[Opening Provided records section]

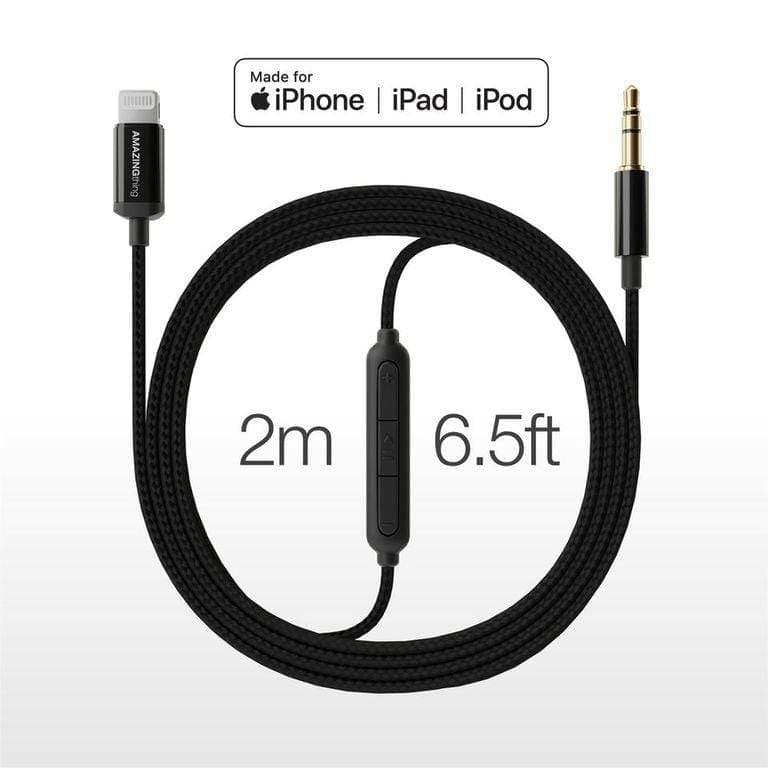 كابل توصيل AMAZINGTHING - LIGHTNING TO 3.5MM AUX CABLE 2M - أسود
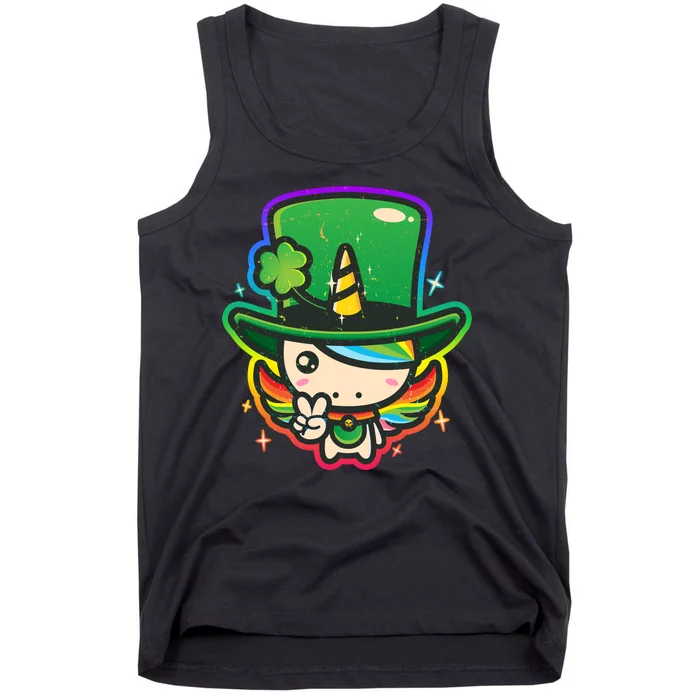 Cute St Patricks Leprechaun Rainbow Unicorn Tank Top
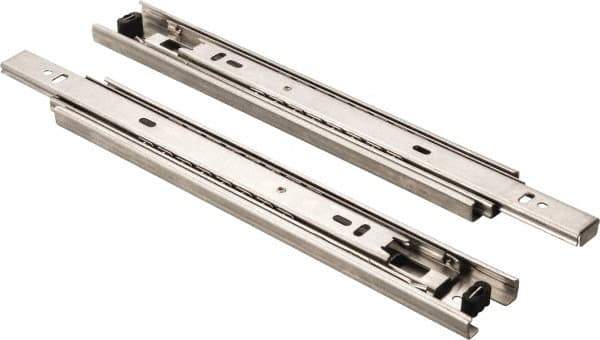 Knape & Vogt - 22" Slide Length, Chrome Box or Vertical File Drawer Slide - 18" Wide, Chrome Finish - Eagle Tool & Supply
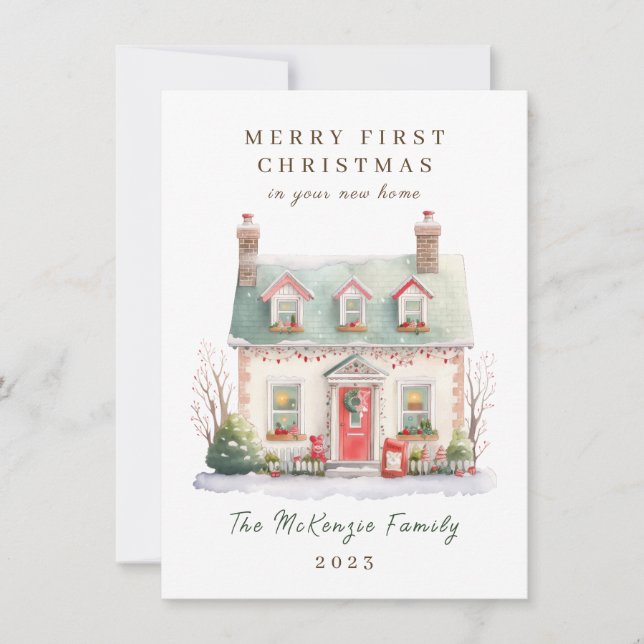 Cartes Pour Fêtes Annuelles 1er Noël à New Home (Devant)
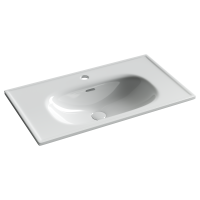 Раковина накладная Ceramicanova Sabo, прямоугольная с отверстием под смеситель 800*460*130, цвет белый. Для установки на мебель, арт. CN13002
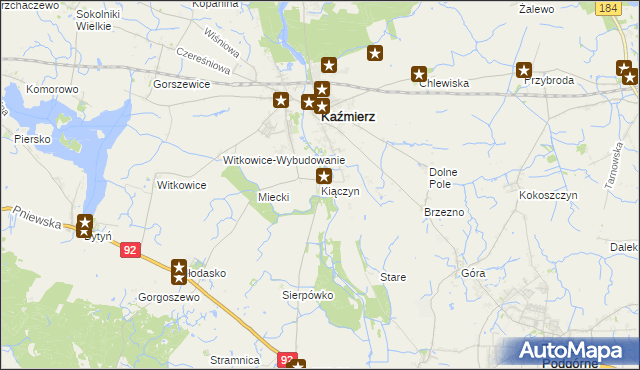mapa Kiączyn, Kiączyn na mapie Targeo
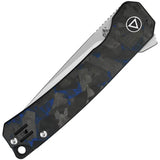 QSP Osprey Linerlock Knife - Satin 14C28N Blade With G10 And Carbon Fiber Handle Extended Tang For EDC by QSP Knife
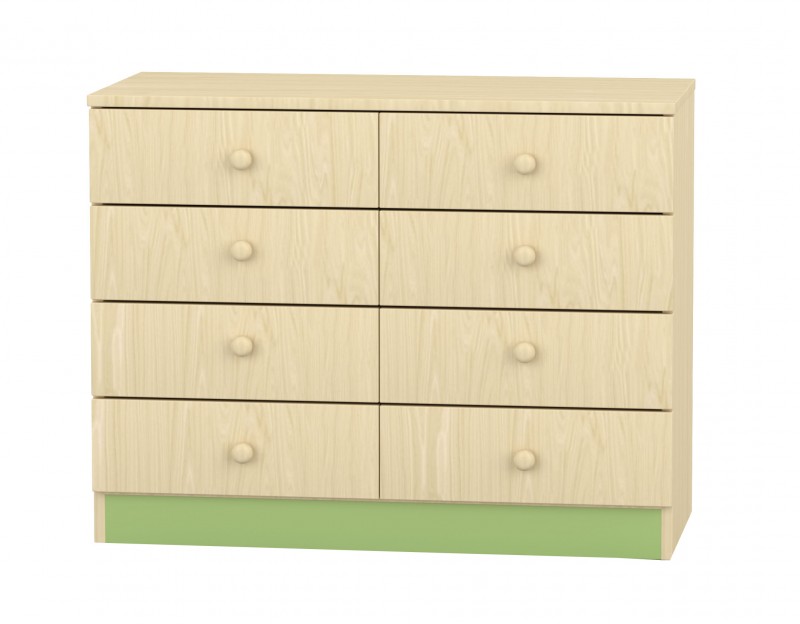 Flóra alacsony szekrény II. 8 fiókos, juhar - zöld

[Closing Provided records section]

Problem requirements:
Print once more, exactly, the lines that start at the top of the records above and end at the line with "Knape & Vogt", skipping all pictures.

Output for this task:
 كابل توصيل AMAZINGTHING - LIGHTNING TO 3.5MM AUX CABLE 2M - أسود
 Cute St Patricks Leprechaun Rainbow Unicorn Tank Top
 Knape & Vogt - 22" Slide Length, Chrome Box or Vertical File Drawer Slide - 18" Wide, Chrome Finish - Eagle Tool & Supply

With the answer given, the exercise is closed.